Tales of Teduray Ancestors

Teduray literature includes myths, legends and animal stories. The myth of the creation centers on a female deity called Minaden who shaped the world and the first creatures in it. She fashioned humans from mud; after doing this, she placed the sun between the earth and the sky, which brought forth light.

The sky world was believed to be divided into eight layers; the topmost was occupied by Tulus or Meketefu, who was Minaden’s brother. The first two human beings created by Minaden began to grow, but after some time they did not beget any offspring. Meketefu came down from the sky world and saw that the male reproductive organ was as small as a tiny red pepper and that of the female was as big as a snail shell. Besides, their noses were created upside down; whenever it rained, their noses caught water and the two humans got sick.

Meketefu decided to create his own clay figures of man and woman. Using an old bolo, he struck the female figure, wounding her where the legs joined together. As he did so, the handle of the bolo flew off and struck the middle part of the male clay figure. He also turned their noses right side up, so they would not take in rainwater. Soon the two creatures were able to bring forth a child. But no food was available to nourish them and the child eventually died.

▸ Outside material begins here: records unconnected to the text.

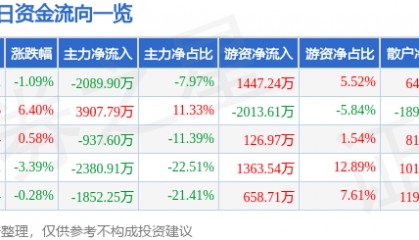 龙江交通(601188)9月8日主力资金净卖出2089.90万元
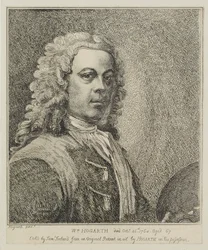 William Hogarth, grabado por Samuel Ireland, c.1786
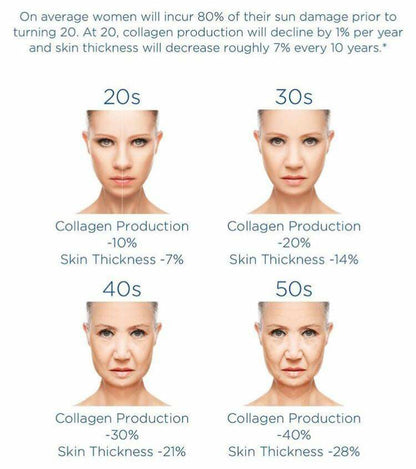 beauty focus collagen in our body as we age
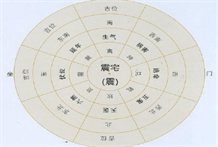 震宅开门：八卦风水根据宅院类型来推算开门方位来趋吉避凶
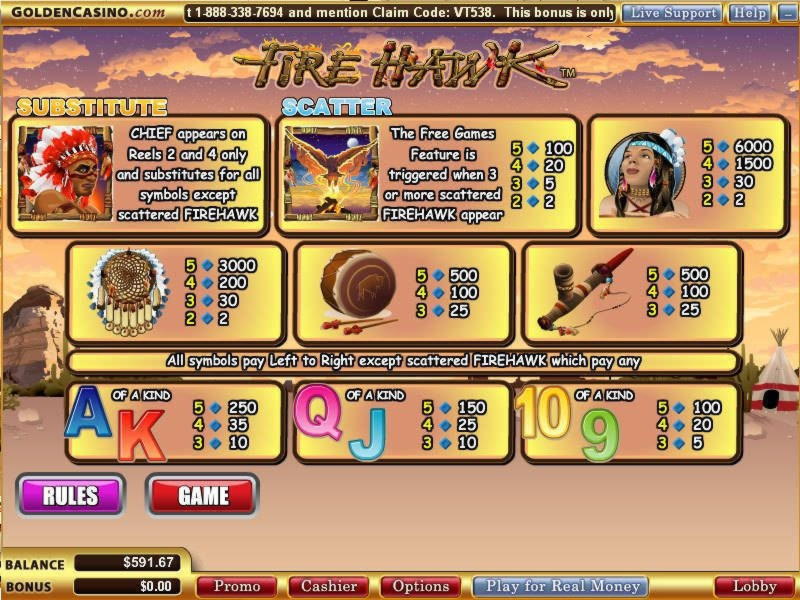 $3265 No deposit bonus casino at 777 Casino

The father begged Meketefu to give them some soil. Much later, various types of vegetation sprouted from the plot of earth where the child was buried. One part of the plot gave forth plants and lime for chewing. The child’s umbilical cord came out as a rice stalk, the intestines were transformed into sweet potatoes, and the head became the tubers. The hand turned into bananas, the nails to nuts, the teeth to corn, the brains into lime, the bones into cassava and the ears into betel leaf. (Patanne 1977:256 and Wood 1957:15–16)

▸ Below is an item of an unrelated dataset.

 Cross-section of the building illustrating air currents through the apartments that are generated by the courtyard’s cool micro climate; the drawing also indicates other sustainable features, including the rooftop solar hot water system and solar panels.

(Blogger’s note: This post is the fourth part of a nine-part series on the Teduray people. Each part is posted every Monday starting October 6, 2014. The text is copied as it appears in Defending the Land: Lumad and Moro People’s Struggle for Ancestral Domain in Mindanao. The book, published by a consortium of non-government organizations, has an “anti-copyright” notice and may thus be freely reproduced.)

Monday, October 20, 2014

The Teduray and Their Beliefs

According to the Teduray, the world was created by the female deity Minaden, who had a brother named Tulus, also called Meketefu or Sualla. Tulus is the chief of all the good spirits who bestow gifts and favors upon human beings. He goes around with a retinue of messengers called telaki.

The universe according to the Teduray is the abode of the various types of etew or people. There are visible ones, or the ke-ilawan (human beings); and the invisible ones, or the meginalew (spirits). The latter may be seen, but only by those in this world possessing special powers or charisma. It is believed that the spirits live in tribes and perform tasks in the other world.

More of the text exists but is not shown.